Catastrophe suddenly returns from an extended trip to Delphi only to discover that
Lycaena is still unmarried. Fearing retribution from the Aphrodite, she springs into action,
arranging her marriage to Aesop. Though he adores her, Aesop realizes how unhappy

Lycaena is taken by Catastrophe to Mme. Mnemosyne’s dress shop for bridal clothes.
Aesop, realizing he can never make her happy, arrives with a plan to help Lycaena escape
to her native Crete (THE CRETAN WEDDING DANCE).
They bind Catastrophe and Mnemosyne in yards of fabric and
Aesop has them shipped off to the island of Lesbos.

Aesop sends Lycaena off on a ship which he thinks is bound for Crete but is actually
a slave ship headed for Lydia. Philocalus ceremoniously arrives to demand a tax for Croesus and,
more importantly, to get Aesop to help him solve the elaborate conundrum.
In order to avoid the impending tax and war, Aesop offers to go back of Lydia with Philocalus
to plead their cause with the King. Xanthus frees him so he can accomplish the task
and bring Lycaena home (STAND UP AND BE COUNTED).

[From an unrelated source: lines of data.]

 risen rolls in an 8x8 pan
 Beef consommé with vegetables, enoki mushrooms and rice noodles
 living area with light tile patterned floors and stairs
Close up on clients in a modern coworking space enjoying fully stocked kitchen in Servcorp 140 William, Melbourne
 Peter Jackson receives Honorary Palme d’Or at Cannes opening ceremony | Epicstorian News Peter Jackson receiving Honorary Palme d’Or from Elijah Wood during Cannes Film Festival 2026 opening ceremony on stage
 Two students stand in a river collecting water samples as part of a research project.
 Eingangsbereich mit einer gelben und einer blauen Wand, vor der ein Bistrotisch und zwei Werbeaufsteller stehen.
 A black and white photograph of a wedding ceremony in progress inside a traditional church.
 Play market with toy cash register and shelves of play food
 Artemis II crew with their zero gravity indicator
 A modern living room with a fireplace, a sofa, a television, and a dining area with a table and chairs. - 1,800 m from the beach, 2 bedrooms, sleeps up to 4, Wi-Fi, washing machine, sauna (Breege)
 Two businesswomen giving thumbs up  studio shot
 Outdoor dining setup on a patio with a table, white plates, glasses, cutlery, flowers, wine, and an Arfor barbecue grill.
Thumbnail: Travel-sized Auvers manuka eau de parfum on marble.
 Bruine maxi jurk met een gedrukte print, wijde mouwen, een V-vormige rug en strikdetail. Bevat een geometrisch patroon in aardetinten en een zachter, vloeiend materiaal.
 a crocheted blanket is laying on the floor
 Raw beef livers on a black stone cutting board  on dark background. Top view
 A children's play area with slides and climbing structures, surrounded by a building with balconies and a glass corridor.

Lycaena arrives at the palace with a troupe of dancing slave girls, The Furies,
but fails to impress Croesus with her footwork (DANCE OF THE FURIES).
She is sent to the slave quarters to wait on Delphinia.

Philocalus returns with Aesop, and Croesus is furious that the unimpressive looking fabulist
has caused him such trouble and threatens him with death. But Aesop wins him over
with the fable of the lion and the mouse (SUCH SWEET HARMONY).
And when Aesop also solves the conundrum, Croesus promotes him to a position of power
and reunites him with Lycaena. But Croesus still refuses to make peace with Samos.

Aesop is determined to send Lycaena back to Samos to warn Xanthus of the impending war.
When she sees Philocalus, she is reluctant to help until Philocalus impetuously
kisses her and she realizes that he is not the man of her dreams after all.

Feeling threatened by the rise in Aesop’s fortunes, Delphina and Philocalus hatch a plot against him
to fake charges that he is secretly in league with Nectanabo. Aesop arranges to send Lycaena
back to Samos to warn Xanthus (SONG OF THE ASSYRIAN SOMNAMBULIST).
She returns with the news of war and then heads back to help Aesop while Xanthus
ponders the state of his matchmaking (IT DOESN’T ALWAYS LOOK LIKE IT’S LOVE).

Aesop goes to Delphinia’s chamber to retrieve the scroll containing the final conundrum
while she tries to extract the solution from him with her feminine wiles.
He pretends to go along with her, distracting her with visions of stardom (LEGS).
But her plot to prove him a traitor succeeds and Aesop is imprisoned and sentenced to death.

Lycaena disguises herself as a soldier and frees Aesop from his dungeon.
He decides to clear his name and confront Croesus disguised as Nectanabo.

Croesus, unable to solve the riddle, goes to his treasury to say goodbye to his money.
The real Nectanabo arrives demanding the answer or full payment when Aesop
arrives in his Egyptian disguise. As the two Nectanabos come face to face, Xanthus,
also disguised as Nectanabo, arrives unexpectedly from Samos to help Aesop.
Aesop uses his sudden appearance to solve the riddle and an irate Nectanabo is sent packing.
Catastrophe suddenly arrives to take Xanthus home, and Croesus decides
to send Aesop and Lycaena back to Samos as his ambassadors with a message of peace.
Aesop and Lycaena are finally able to declare their love for each other (JUST THE BEGINNING)
and the show ends with their wedding (FINALE).